Re: Can anyone make this regex job neater?
by jeffa (Bishop) on Oct 11, 2005 at 16:40 UTC
|
my @line = split('\|', $_);
if ($line[0] eq 'NTE') {
# parse NTE line
}
elsif ($line[0] eq 'OBX') {
# parse OBX line
}
else {
# got something unexpected
}
I try to avoid using $1, $2, etc. directly.
| [reply] [d/l] |
|
|
$ perl -e 'print join("::", split q"\|", q"OBX|foo|blah|||"),$/'
OBX::foo::blah
$ perl -e 'print join("::", split q"\|", q"OBX|foo|blah|||", -1),$/'
OBX::foo::blah::::::
| [reply] [d/l] |
Re: Can anyone make this regex job neater?
by Roy Johnson (Monsignor) on Oct 11, 2005 at 17:01 UTC
|
You can match and edit substr:
if (/^OBX(?:[^|]*|){2}([^^]*)/) {
substr($_, $-[1], length($1)) =~ s/(?=([a-z]))/$1 > 'Z' ? 'L' : 'U
+'/ge;
}
Can't test it, so it might need some tweaking.
Caution: Contents may have been coded under pressure.
| [reply] [d/l] |
Re: Can anyone make this regex job neater?

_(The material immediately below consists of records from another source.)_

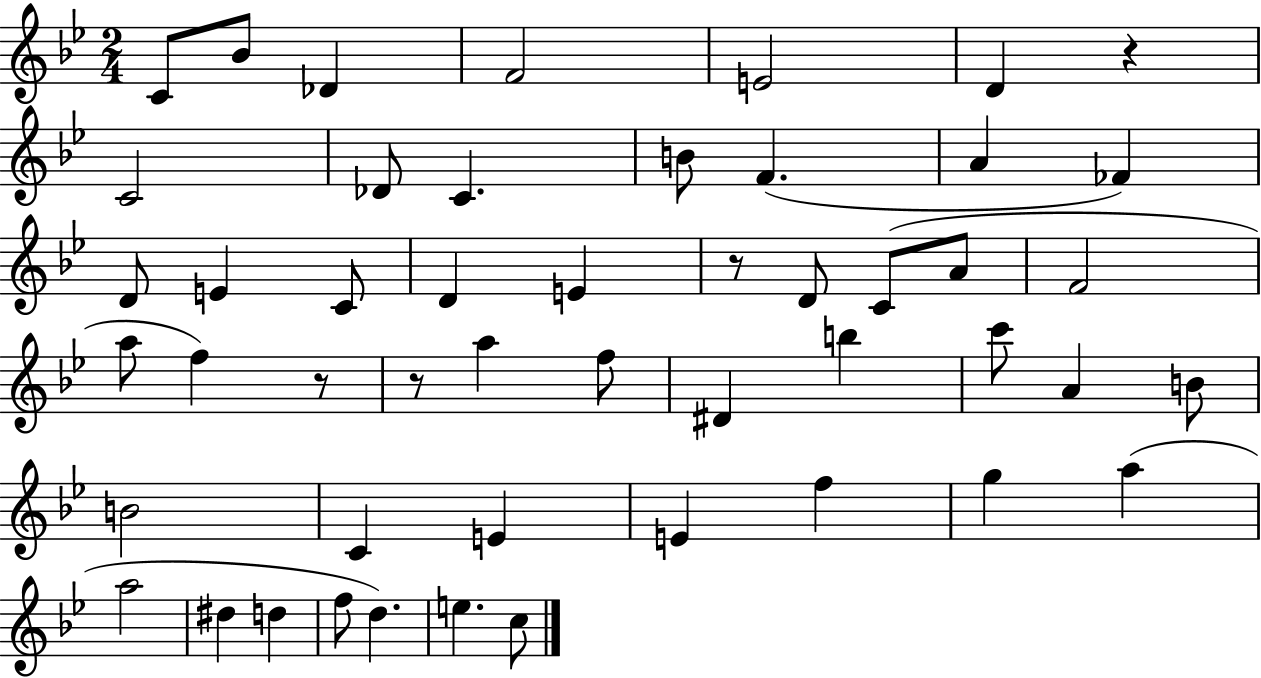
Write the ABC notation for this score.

X:1
T:Untitled
M:2/4
L:1/4
K:Bb
C/2 _B/2 _D F2 E2 D z C2 _D/2 C B/2 F A _F D/2 E C/2 D E z/2 D/2 C/2 A/2 F2 a/2 f z/2 z/2 a f/2 ^D b c'/2 A B/2 B2 C E E f g a a2 ^d d f/2 d e c/2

by Aristotle (Chancellor) on Oct 11, 2005 at 21:59 UTC
|
Find the location with a match, then run a replace from that point on.
#!/usr/bin/perl
use strict;
use warnings;
while(<DATA>) {
if( m{ \A OBX \| [^|]* \| }gmsx ) {
s{
\G (?: ([[:upper:]]) | ([[:lower:]]) | ([^\^]) )
}{
defined $1 ? "U$1" :
defined $2 ? "L$2" :
$3
}sexmg;
}
print;
}
__END__
NTE||L|obr note
OBX|NM|aaA..^Haem^RD2|7.5|g/dL|13.0-18.0|OR|
NTE||L|obx note 1/1 for 3058
OBX|NM|dBf..^TWC^RD2|8.9|10*9/L|4.0-11.0||
Makeshifts last the longest. | [reply] [d/l] |
Re: Can anyone make this regex job neater?
by blazar (Canon) on Oct 11, 2005 at 16:44 UTC
|
I was just curious is there was a more elegant way to do this - preferably a single s///, rather than one match and two substitutions. Thanks in advance...

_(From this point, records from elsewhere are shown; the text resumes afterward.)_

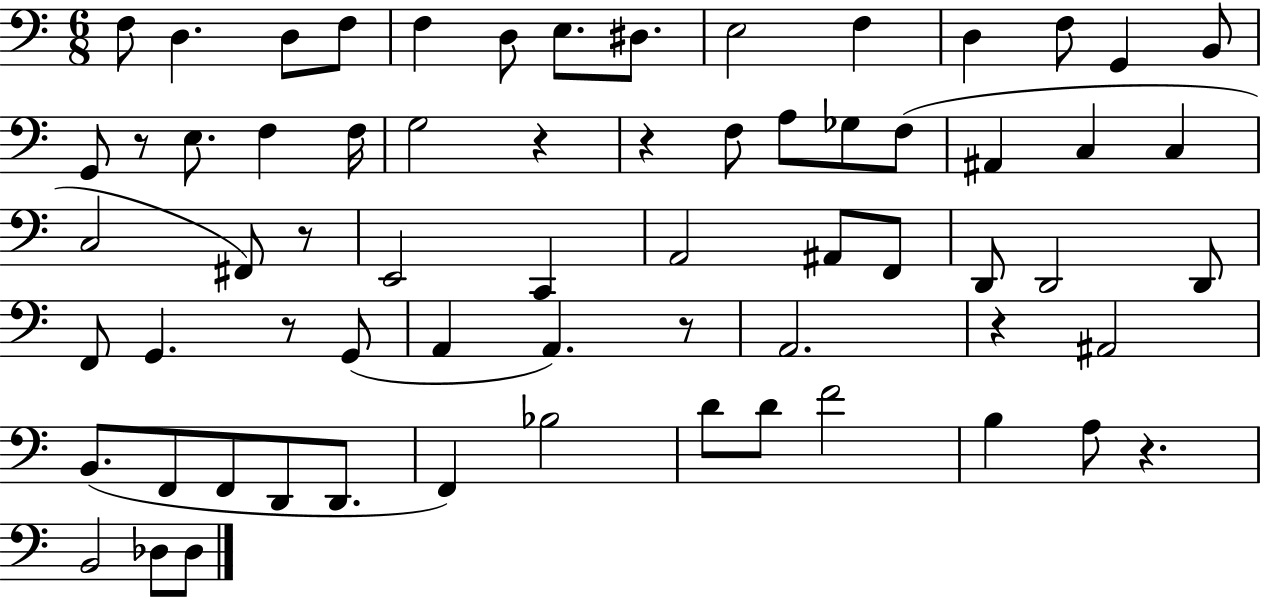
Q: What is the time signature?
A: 6/8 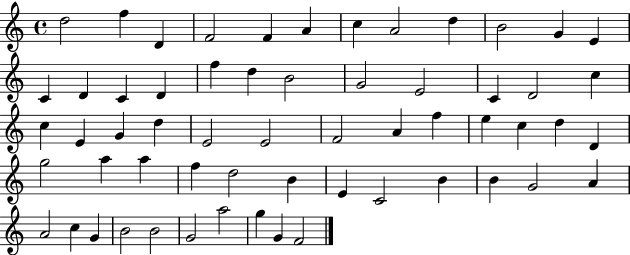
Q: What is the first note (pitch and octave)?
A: D5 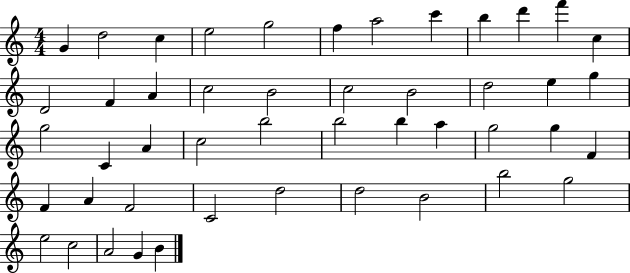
X:1
T:Untitled
M:4/4
L:1/4
K:C
G d2 c e2 g2 f a2 c' b d' f' c D2 F A c2 B2 c2 B2 d2 e g g2 C A c2 b2 b2 b a g2 g F F A F2 C2 d2 d2 B2 b2 g2 e2 c2 A2 G B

This smells a lot like homework, so I'm not posting a full answer -- hints only! In any case I'd also take into account split, and then of course you can join again with '|' (too explicit a hint?!?).
Whatever, there's nothing wrong using two or more statements: it may well be doable with a single s///, but it would just be an exercise in doing it the difficult way. Your code must also be clear, mantainable and easy to understand. Incidentally you may also do
for ($stuff[2]) {
s/(?=[A-Z])/U/g;
s/(?=[a-z])/L/g;
}
| [reply] [d/l] [select] |
|
|
This smells a lot like homework, so I'm not posting a full answer -- hints only!

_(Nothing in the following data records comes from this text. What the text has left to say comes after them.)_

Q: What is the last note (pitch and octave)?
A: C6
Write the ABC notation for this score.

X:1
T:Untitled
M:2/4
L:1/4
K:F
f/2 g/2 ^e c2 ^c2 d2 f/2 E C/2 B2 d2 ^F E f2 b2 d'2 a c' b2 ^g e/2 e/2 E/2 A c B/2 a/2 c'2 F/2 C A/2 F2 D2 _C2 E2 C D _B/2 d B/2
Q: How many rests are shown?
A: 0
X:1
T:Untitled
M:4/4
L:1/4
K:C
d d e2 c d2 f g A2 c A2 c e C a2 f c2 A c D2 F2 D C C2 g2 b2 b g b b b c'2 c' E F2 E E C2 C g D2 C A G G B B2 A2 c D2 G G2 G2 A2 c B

Heh - well, not really, since I already have a solution.
It was just that I was curious to see if such a task could be handled with a single regex, or whether my instinct to break the job into seperate regexes was correct.
Thanks to all for input - it looks like my original instinct was correct. Other solutions exist (of course - hey, it's perl), but split is inconvenient, since I'd need to rejoin later. Maybe it would be a little faster - I dunno - but (high) speed isn't really an issue with this particular job.
Once again, thanks to all, and if someone does come up a single regex, I'd still be curious to see it.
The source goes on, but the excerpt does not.